Educação infantil como forma de prevenção

Para reverter o quadro atual de violência doméstica, diz o pesquisador, a educação inicial, a que se dá nas primeiras fases do ensino, continua sendo o melhor caminho. “As etapas iniciais de socialização e educação são muito importantes para o bom desenvolvimento das habilidades cognitivas relacionadas ao bom diálogo e raciocínio adequado, e também na formação da ética e da moral da criança, habilidades estas que vão refletir futuramente.”
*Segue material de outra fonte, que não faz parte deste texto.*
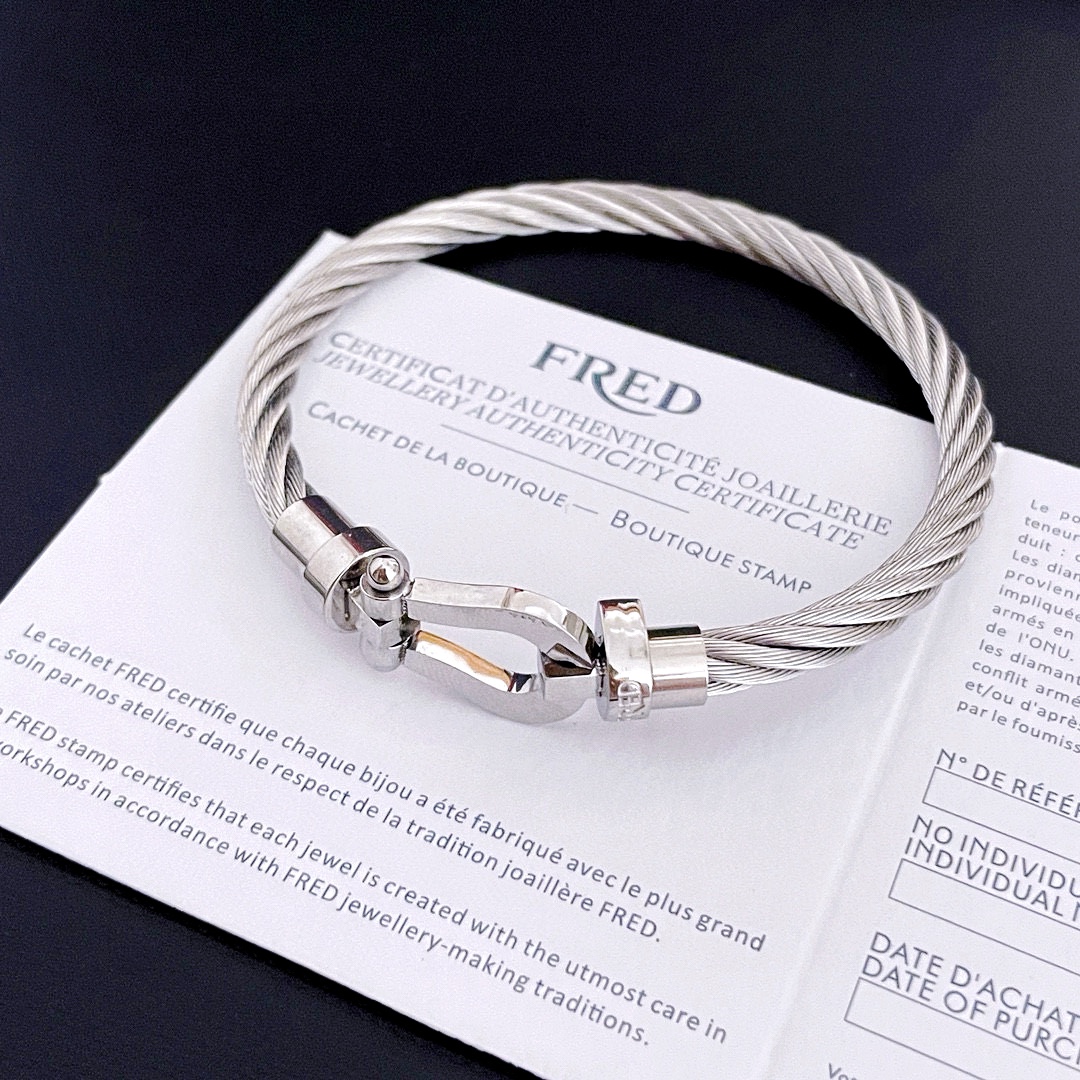 NO:380133,Popular Fered bracelet, glossy horseshoe buckle bracelet, classic and versatile, internet celebrity expert, fashion must-have items for fashion, 11 pairs of customization, thickened electroplating 18k craftsmanship, trendy and cool couple bracelet ~ the effect is very versatile!  !  , jewelry boutique, bracelet, bracelet19860909火爆 费雷德手绳,光面马蹄扣手镯手链,经典百搭,网红达人 时尚一族备必单品时尚精致,11对版定制,加厚电镀18k工艺,又潮又酷的情侣款手绳～上手效果非常百搭！！,饰品精品,bracelet,bracelet,Jewelry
Para Naves dos Reis, chega a ser redundante dizer isso, uma vez que o tema educação há tempos é destacado como crítico na sociedade brasileira. “No entanto, é preciso destacar que essas ações de longo prazo consistem em investir especialmente nos níveis iniciais de educação, investir na formação de nossas crianças”, alerta.

O pesquisador lembra que suas considerações são baseadas apenas na amostra de pessoas que fizeram parte do estudo. Futuramente, diz, serão realizadas outras pesquisas voltadas a essa temática para que o fenômeno da agressão possa ser compreendido em maior escala.

No Brasil, a cada sete minutos é feita uma denúncia de violência contra a mulher e, nos dez primeiros meses de 2015, foram registrados 63.090 casos, de acordo com os dados da Secretaria de Políticas para as Mulheres da Presidência da República (SPM-PR). O número para denunciar casos de violência doméstica contra a mulher é o 180.

A tese Violência doméstica e aspectos cognitivos do agressor: análise quantitativa foi orientada pela professora Zeyne Alves Pires Scherer e defendida em outubro de 2016.